W ostatnim tygodniu w Małopolsce pacjentów zakażonych koronawirusem było ok. 1500, dzisiaj ta liczba przekroczyła 2000. Wraz z szybkim wzrostem zakażonych, służby wojewody zwiększają liczbę dostępnych dla nich łóżek wraz z respiratorami. Dodawanie miejsc dla zarażonych często odbywa się kosztem pacjentów z innych oddziałów…

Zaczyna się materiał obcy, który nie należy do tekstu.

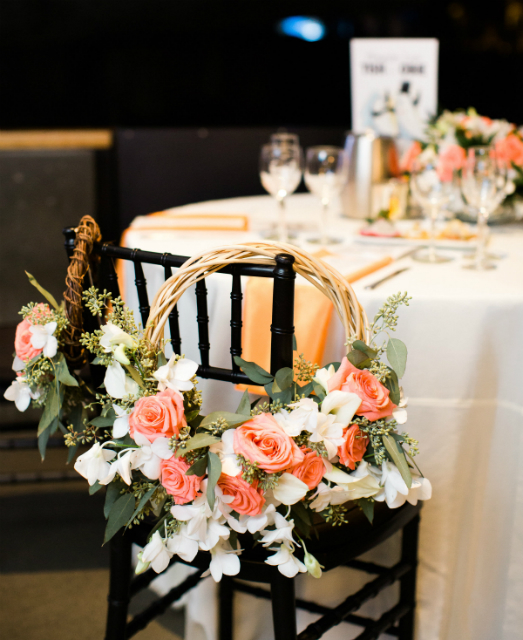 Wedding chairs decorated with floral rings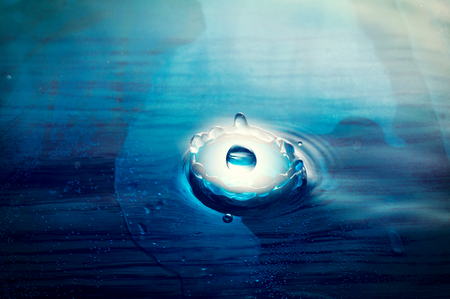 Light blue planet droping into the water の写真素材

W ostatnich raportach ministerstwa Małopolska stale utrzymuje się w pierwszej piątce województw z największą ilością zakażonych COVID-19. Najwięcej przypadków znajduje się w samym Krakowie (wraz z powiatem wielickim ok. 50% wszystkich zakażeń w skali województwa). Obecnie liczba chorych jest pięć razy większa niż ta, która była na początku października.
19% łóżek wszystkich łóżek w Małopolsce (ok. 13 tys.) to łóżka covidowe.

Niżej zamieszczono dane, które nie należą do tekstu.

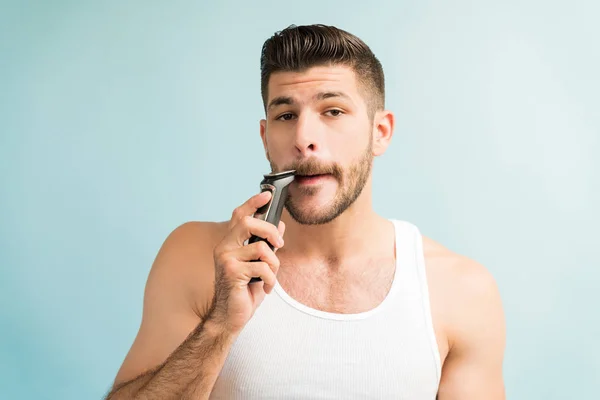 스페인의 남자가 청록색 배경에 맞추면서 면도칼로 콧수염을 — 스톡 사진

Ostatnio problem ten został zauważony w szpitalu Rydygiera. Na oddziale kardiologicznym brakuje miejsc dla osób zmagającym się ze schorzeniami sercowymi. Osoby skierowane w to miejsce muszą szukać pomocy w innych placówkach. 22 łóżka przeznaczone dla nich obecnie zajmują osoby zakażone wirusem. Szpital ma wprowadzić od grudnia 84 łóżek covidowych oraz 10 łóżek z respiratorami.
Wczoraj podczas konferencji wojewoda ogłosił, że dr Wojciech Mudyn (wieloletni szef intensywnej terapii w szpitalu Rydygiera) od dzisiaj będzie pełnił funkcje konsultanta wojewody ds. zabezpieczenia intensywnej terapii w Małopolsce. Zastąpi on miejsce zmarłego Wojciecha Serednickiego.